▶ **Your task**:
In the records below, the line that contains "Spotted Flycatcher - ML647437109" marks the start. Copy it and each line after it through the end, exactly, without pictures.

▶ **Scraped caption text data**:
******

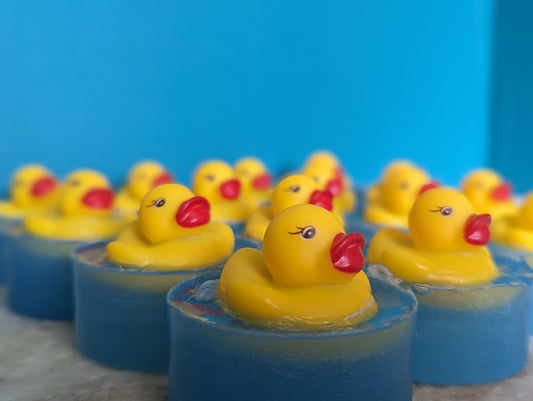 Duck soaps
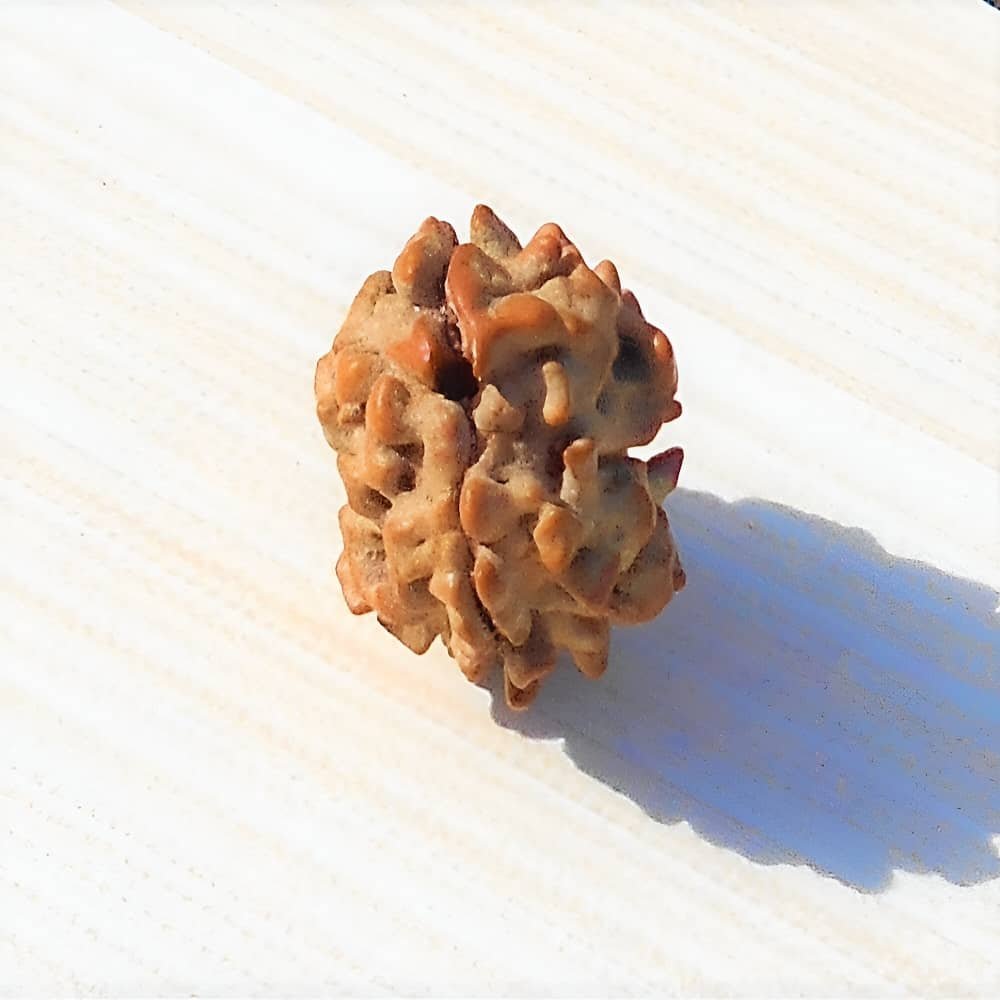 2 Mukhi Himalayan Rudraksha Bead – Embrace Divine Unity & Relationship Harmony 2 Mukhi Rudraksha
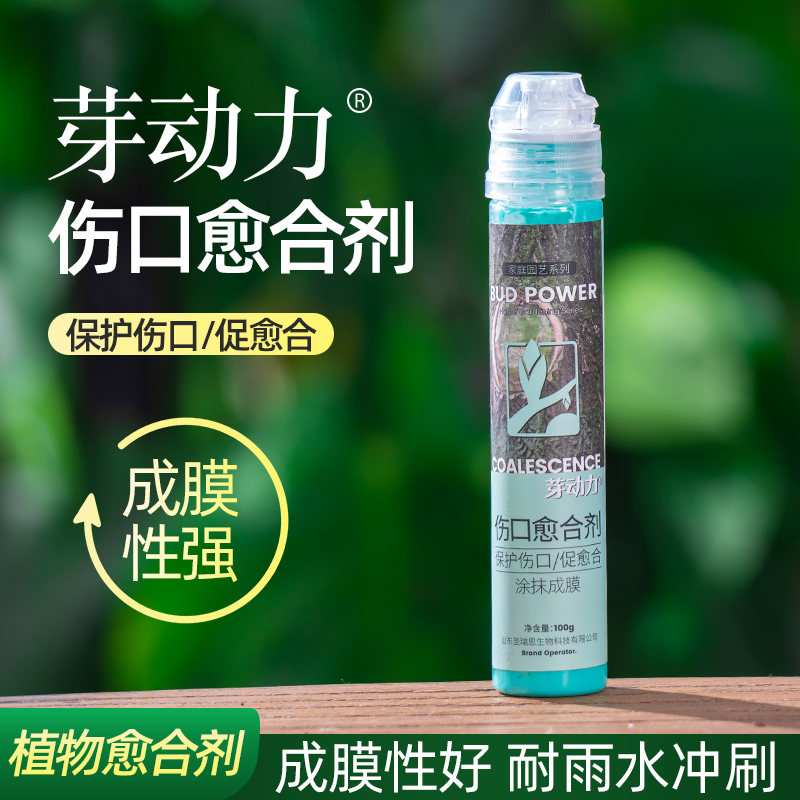 伤口愈合剂愈合植物树木果树修剪盆景树桩根嫁接封口胶涂抹剂高效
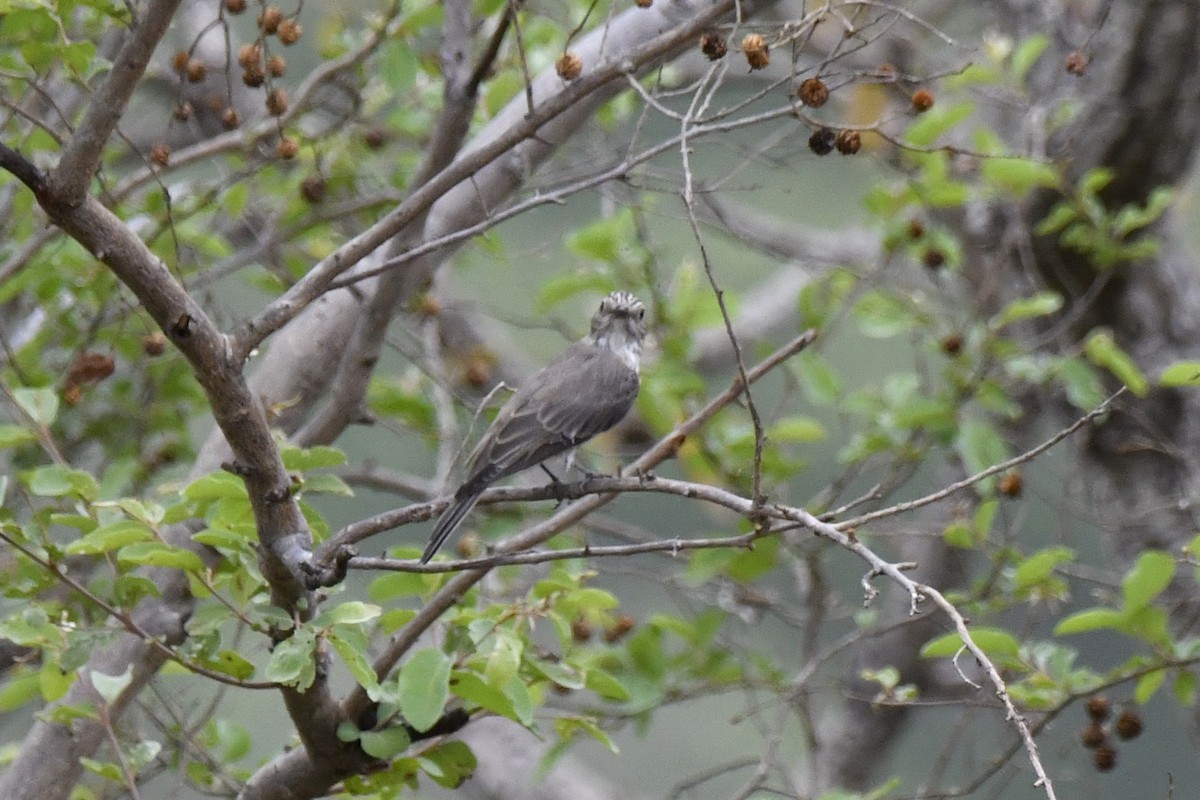 Spotted Flycatcher - ML647437109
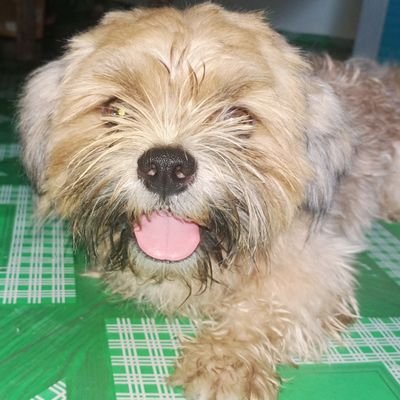 cnft_c's profile picture.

******

▶ **Result below**:
 Spotted Flycatcher - ML647437109
 cnft_c's profile picture.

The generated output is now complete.